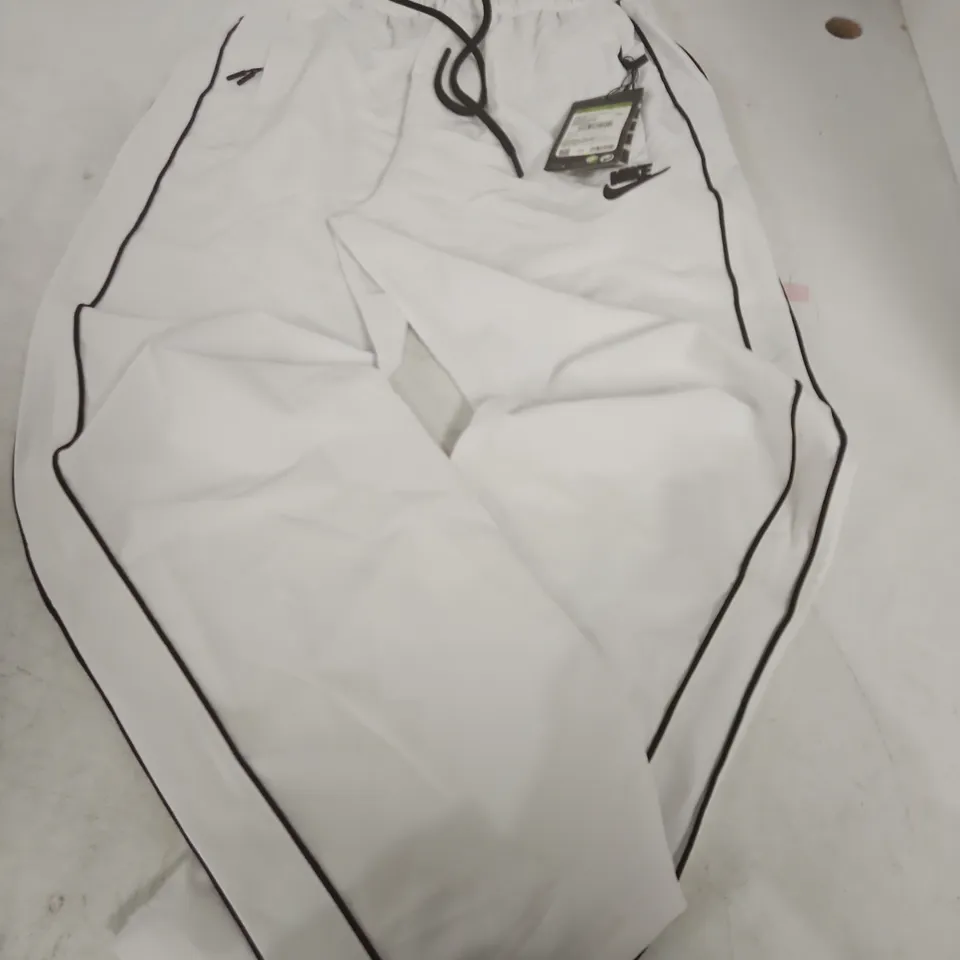 Nike white trousers with black piping – Regular fit - size L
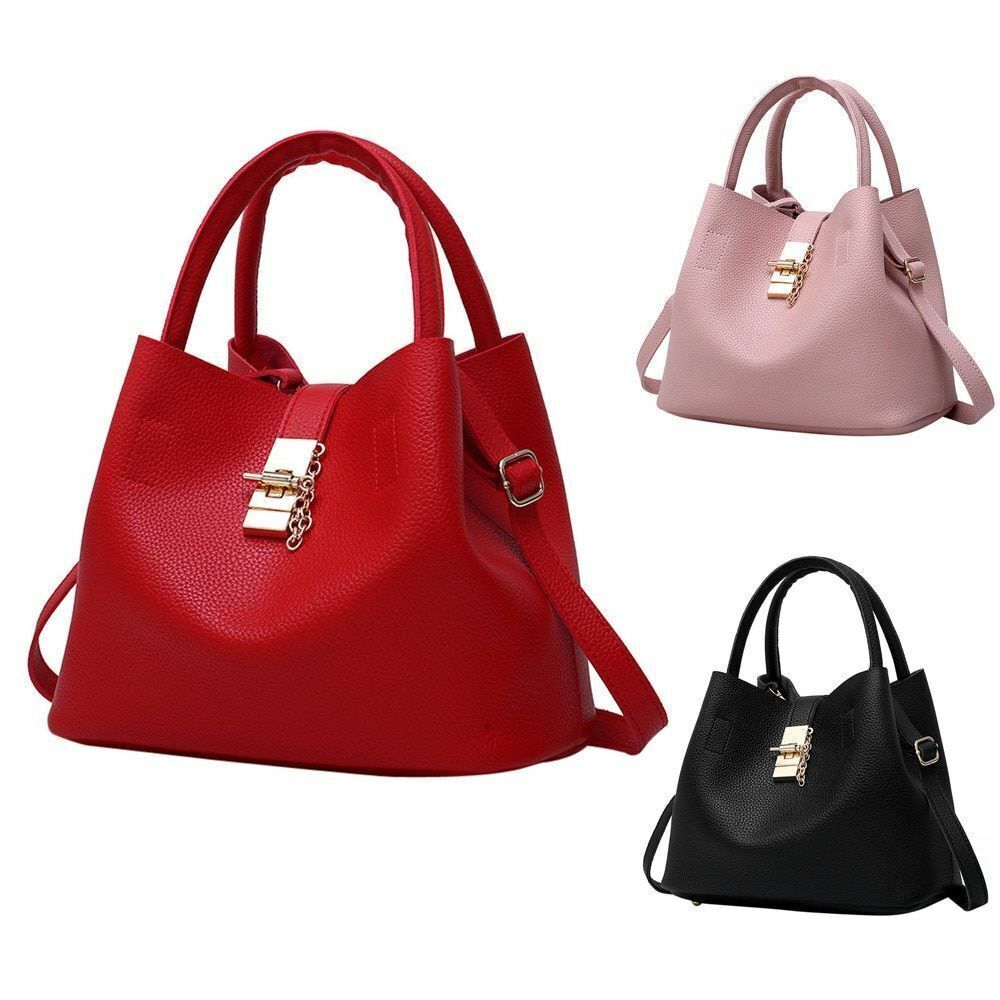 Women Ladies Shoulder Bag Satchel Handbag Purse Tote Leather Messenger Crossbody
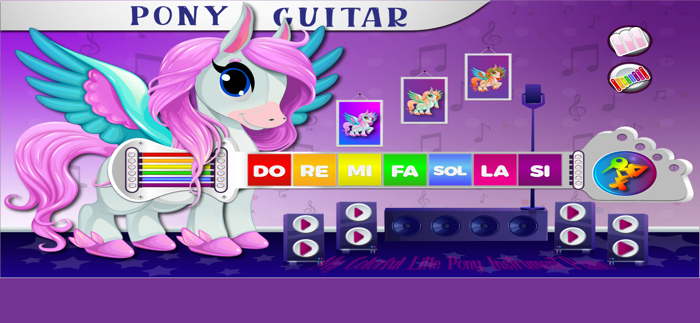 My Colorful Litle Pony Piano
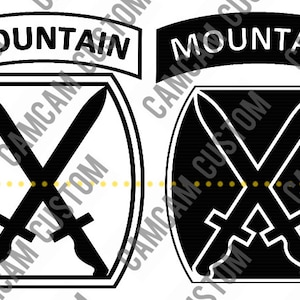 10th Mountain Division (vector)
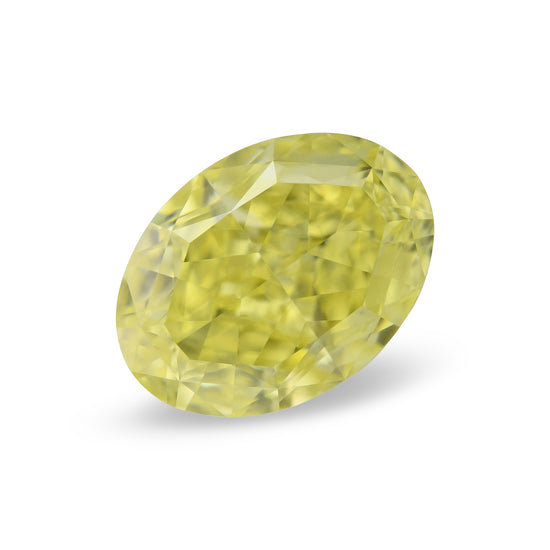 Diamante Ovale Giallo Intenso Fantasia 1.01 carati VVS2 GIA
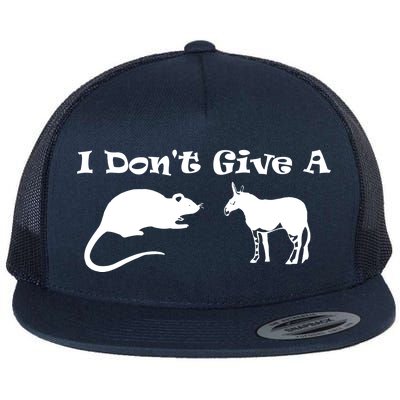 Who Gives A Rats Ass Flat Bill Trucker Hat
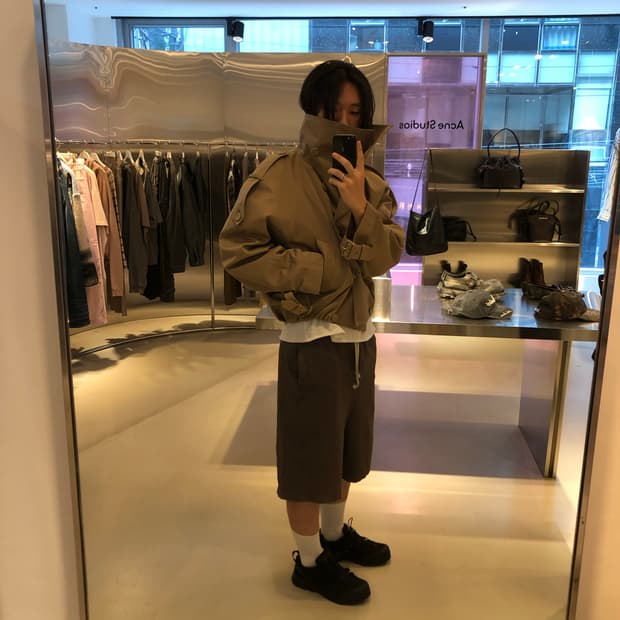 comme des garcons 사루엘 쇼츠 XS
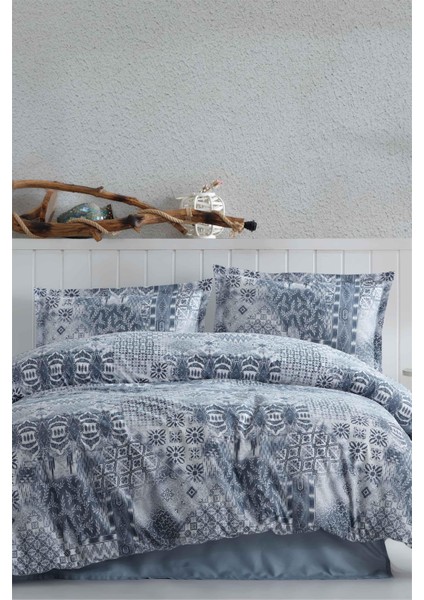 %100 Pamuk Ranforce Tek Kişilik Yorgan Paya V1 Lacivert modelleri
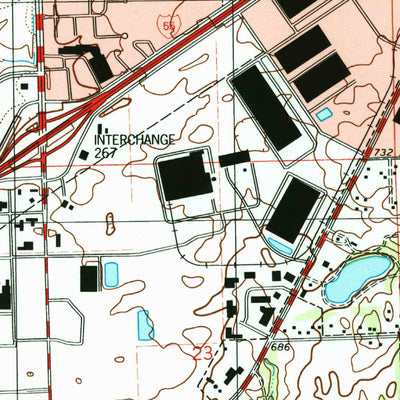 United States Geological Survey Romeoville, IL (1998, 24000-Scale) digital map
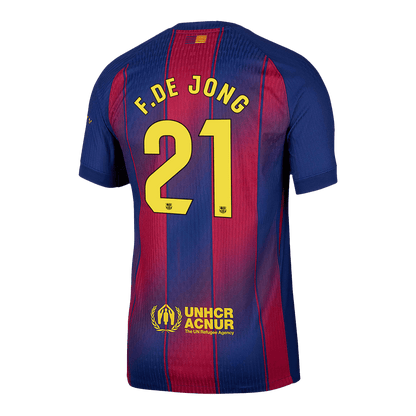 Μπαρτσελόνα φανέλα Εντός 2025/26 F.DE JONG #21 - Match Version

#### Problem to solve:
Hand back exactly the lines from the one with "Diamante Ovale Giallo" through the last line of the data above, both ends included, with every picture left out.

#### Solved problem:
 Diamante Ovale Giallo Intenso Fantasia 1.01 carati VVS2 GIA
 Who Gives A Rats Ass Flat Bill Trucker Hat
 comme des garcons 사루엘 쇼츠 XS
 %100 Pamuk Ranforce Tek Kişilik Yorgan Paya V1 Lacivert modelleri
 United States Geological Survey Romeoville, IL (1998, 24000-Scale) digital map
 Μπαρτσελόνα φανέλα Εντός 2025/26 F.DE JONG #21 - Match Version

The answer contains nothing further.